La dernière chasse
Les héros sont fatigués. Jean-Christophe Grangé pareillement. L'un de ses derniers opus, Lontano, laissait pourtant espérer un renouvellement salutaire chez cet auteur qui, en matière de thriller à l'américaine, a malheureusement trop souvent bâclé ses mayonnaises. Entre Les Atrides et les Rougon-Macquart, sa peinture d'une dynastie putréfiée à l'ombre de la Françafrique semblait pourtant lui ouvrir de nouveaux espaces.
Peine perdue. De sa poussive entrée en matière à un dénouement bien décevant, La Dernière chasse ne parvient guère à capter véritablement l'attention du lecteur malgré un décor pénétrant, celui de la Forêt-Noire, cet écheveau végétal du sud-ouest de l'Allemagne dont les lignes de pins sinusoïdales enrobent ici ou là des oasis de sérénité comme le lac Titisee.

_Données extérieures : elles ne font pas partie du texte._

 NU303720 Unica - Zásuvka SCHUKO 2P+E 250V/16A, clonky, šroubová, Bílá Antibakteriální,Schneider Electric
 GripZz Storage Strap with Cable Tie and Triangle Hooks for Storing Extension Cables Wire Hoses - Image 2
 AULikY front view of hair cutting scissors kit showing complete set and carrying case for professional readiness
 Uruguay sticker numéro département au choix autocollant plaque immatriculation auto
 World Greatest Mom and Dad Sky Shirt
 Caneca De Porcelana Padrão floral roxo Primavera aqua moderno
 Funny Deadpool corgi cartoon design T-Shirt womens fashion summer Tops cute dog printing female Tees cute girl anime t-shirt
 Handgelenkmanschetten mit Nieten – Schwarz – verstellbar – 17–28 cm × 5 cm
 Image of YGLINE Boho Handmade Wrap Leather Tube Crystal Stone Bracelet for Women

Non loin de là, la ville de Fribourg, avec ses colombages, ses murs colorés et ses cyclistes écolos, ne déroge pas à son statut d'adresse incontournable. Seulement voilà, de Jean-Christophe Grangé, on attend autre chose qu'un Guide du Routard romancé spécial Bade-Wutermberg.
La sinistre partie de chasse au cœur de l'intrigue, quant à elle, accumule les clichés. Un héritier de patrons prussiens retrouvé en mille morceaux, une comtesse-walkyrie carnivore à tout point de vue, une race canine disparue qui refait surface, tout comme le souvenir d'un ancien escadron de la mort nazi... La prose est distrayante, mais les penchants germanophobes de Grangé épuisent au bout d'un moment.
Seul son héros fatigué et tout rouillé nous laisse entrevoir ce qui aurait pu fonctionner. En repêchant des Rivières Pourpres Niemans, l'enquêteur dur-à-cuir désormais plombé d'une légion de traumas, l'auteur chronique avec un malin plaisir la déconnexion inédite du bonhomme, pas tant sur le plan athlétique (quoique...) que mental, d'autant qu'il est flanqué d'une jeune admiratrice croate sans doute plus performante, mais pas moins instable sur le plan psychologique. Tout à sa peur des chiens, Niemans plonge de chausse-trappe en impasse dans cette enquête qu'il ne maîtrise pas un seul instant, y compris dans sa conclusion. Il est temps, sans doute, de lui accorder un repos mérité.